Strengthening research translation requires policy interventions across multiple levels, with particular attention to LMIC contexts. Funding agencies can mandate knowledge translation plans with dedicated budgets, recognising that LMICs may require additional support for translation activities. Universities can reform promotion criteria to value translation activities alongside traditional research outputs, acknowledging that communication to local policymakers and communities represents meaningful impact. Health systems can establish knowledge broker roles connecting researchers with decision-makers, as demonstrated by successful intermediary organisations in some African and Asian contexts.43 Regulatory frameworks can incentivise open access publishing and reduce financial barriers for LMIC researchers to publish their findings openly.

However, realising these benefits requires investment, coordination, and commitment to equity. Translation efforts must be culturally appropriate, linguistically accessible, and responsive to community-identified priorities rather than imposing external frameworks. This necessitates genuine partnerships between researchers in high-income countries and LMICs, with resources directed toward building local capacity for research communication rather than simply disseminating Northern-produced evidence.50 Capacity building should include training LMIC researchers in communication skills, supporting development of regional knowledge translation networks, investing in local language translation and culturally adapted materials, and ensuring LMIC voices lead in defining translation priorities and approaches for their contexts.

Conclusions

The gap between scientific output and public understanding is widening. Despite unprecedented research production, health literacy remains limited, misinformation persists, and populations most affected by health inequities face the greatest barriers to accessing credible evidence. This disconnect undermines the societal value of scientific investment, threatens public trust in research institutions, and results in substantial economic waste through foregone health improvements and inefficient resource allocation. Addressing this challenge requires recognising research translation as essential infrastructure, not an optional afterthought. Evidence from knowledge translation frameworks, health economics, and communication science points toward integrated approaches combining co-production, multi-format dissemination, evidence-informed communication design, and sustained investment in translation capacity.

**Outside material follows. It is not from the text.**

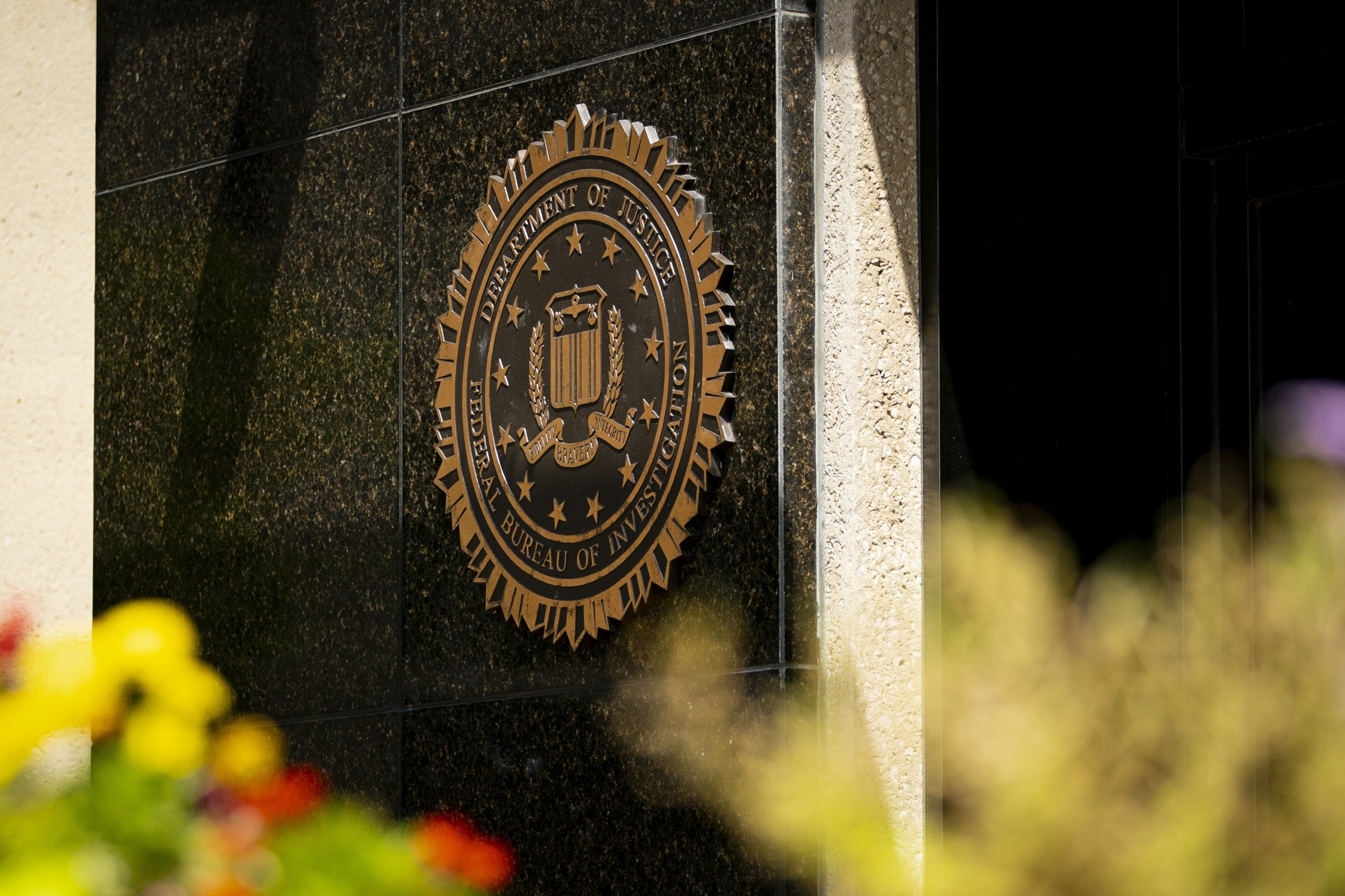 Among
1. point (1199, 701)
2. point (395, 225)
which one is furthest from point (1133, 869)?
point (395, 225)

Digital platforms may offer scalable solutions, though they cannot substitute for fundamental structural changes in how research is valued, funded, and conducted. Critically, translation efforts must prioritise equity, ensuring that accessibility improvements reach populations currently excluded rather than primarily benefiting already-engaged audiences. The research community faces a choice: continue producing evidence that remains inaccessible to most who could benefit, or commit to a transformation that positions understanding as central to scientific enterprise. The latter path requires acknowledging that research excellence is measured not only by methodological rigour or publication impact, but by whether knowledge reaches and benefits the communities it aims to serve. Building research translation infrastructure is feasible, evidence-informed, and essential for maximising returns on public research investment and strengthening evidence-informed health policy. The question is whether the scientific community will prioritise it.


Funding

None declared

Competing interests

The author is developing a digital research translation platform as part of ongoing research, though no commercial interests exist at present.

Author contributions

SO is the sole author.

Acknowledgements

The author thanks colleagues at Teesside University for the discussions that informed this work.